=== Section Start ===
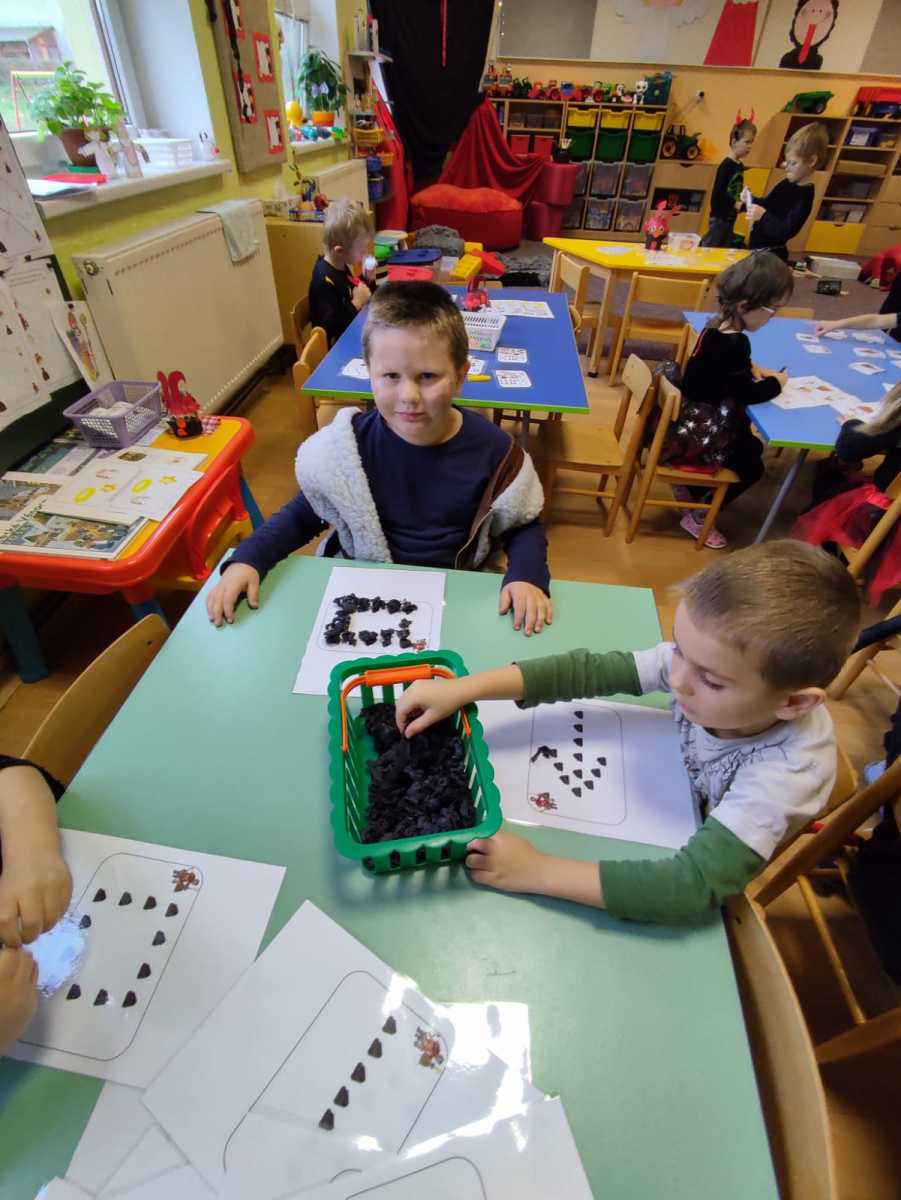 ece1be25-eff3-4ea4-827f-1dc3994bbeb9
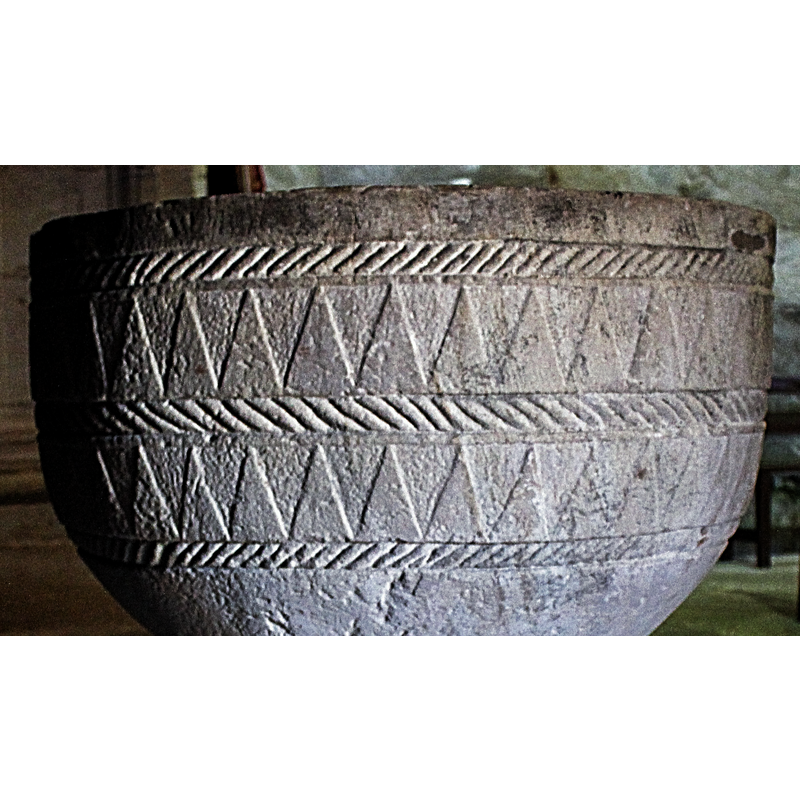 notice that the thread of the rope goes forward on the top and bottom but backward in the middle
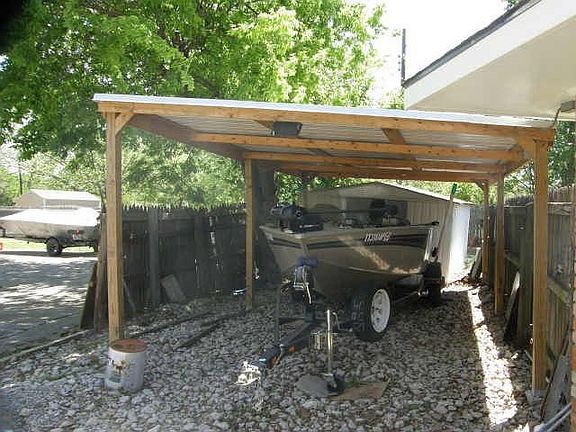 4th image of 1206 Williamsburg Dr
=== Section End ===
WORK REQUEST – Would you return the material exactly, images excluded?

EXERCISE ANSWER –
 ece1be25-eff3-4ea4-827f-1dc3994bbeb9
 notice that the thread of the rope goes forward on the top and bottom but backward in the middle
 4th image of 1206 Williamsburg Dr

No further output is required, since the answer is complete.